Thursday, March 7, 2013

The Surrogate (Johnson Entertainment Group/Shadowland, 2013)

by Mark Gabrish Conlan • Copyright © 2013 by Mark Gabrish Conlan • All rights reserved

I decided to take advantage of my last lonely morning and watch The Surrogate, the first of two new made-for-TV movies on the subject of crazy surrogate mothers Lifetime premiered last weekend. I watched the second one, The Surrogacy Trap, “live” when it aired last Sunday night and recorded The Surrogate when it was first shown the day before — and it turns out The Surrogate is so obscure there isn’t an page on it at all (there’s a listing for an in-production film called The Surrogate but the writers’ names are different) and so I had to resort to re-screening the recording and pulling the credits off it just like in the bad old pre-Internet days.

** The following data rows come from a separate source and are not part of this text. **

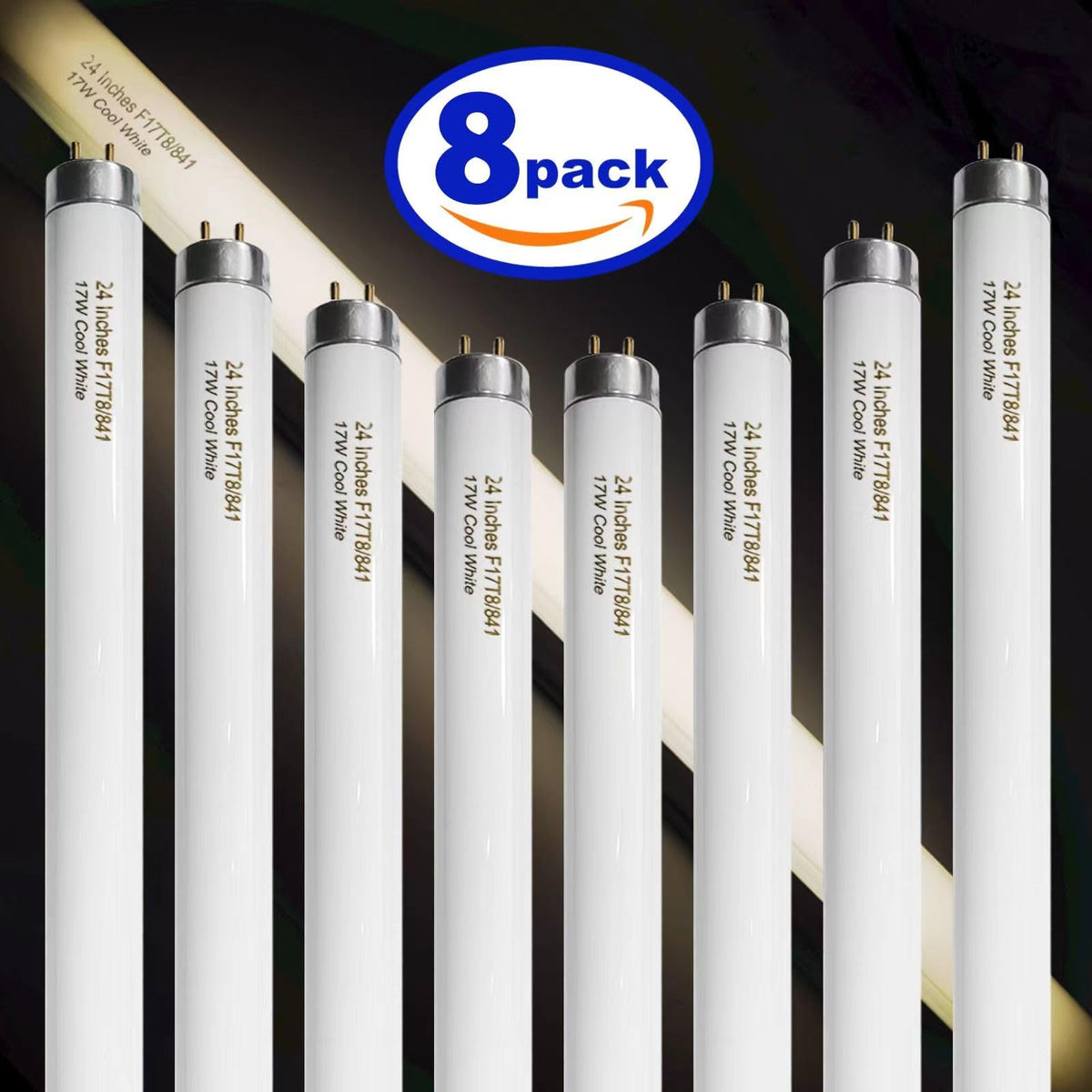Konideke cool white 4100K glow for office-like brightness.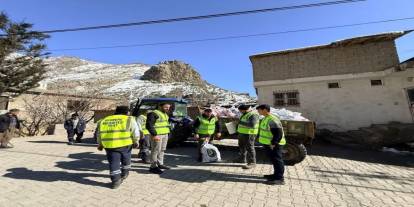 Uludere'de Ailelere Yardım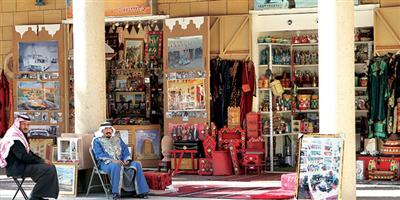 محلات لبيع الهدايا التراثية وسط الرياض 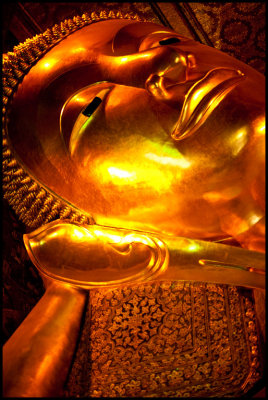 Reclining Buddha Head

As for the film itself, The Surrogate is a monumental example of Lifetime at its absolute worst: unbelievable and so intensely melodramatic The Surrogacy Trap looks like an understated drawing-room comedy by comparison. The Surrogate opens in a huge mansion with a domestic-violence scene between a middle-aged man and a young woman. They’re chasing each other through the house as they have an argument, and eventually they confront each other in the entrance hall (this house is big enough it has an entrance hall), he slaps her, she kicks him in the balls and that incapacitates him long enough that she’s able to grab the keys to her Porsche and drive away. Then there’s a stock shot of a beach and a title reading “four years later,” and it turns out that four years later novelist Jacob Kelly (Cameron Mathison, a soap-opera actor from All My Children who had also starred in a domestic drama for Lifetime called The Wife I Met Online, which they showed right after The Surrogate), who had turned out a novel called Blackberry Winter (which, judging from the dust jacket we see — a black-and-white cover with a photo of a branch from a snow-covered tree — is probably considerably more highbrow than the movie we’re watching it in) but then got blocked and ended up teaching writing at Whittemore College. The young woman from the opening scene is there too as a college staff person, sitting in on his class when he calls her in, kisses her, she slaps him but then she leaps into his arms and he ends up having her on his desk in full view of his students — and then a cut-back to her standing in the doorway of his class with a moony look on his face indicates that that scene is merely a fantasy of hers.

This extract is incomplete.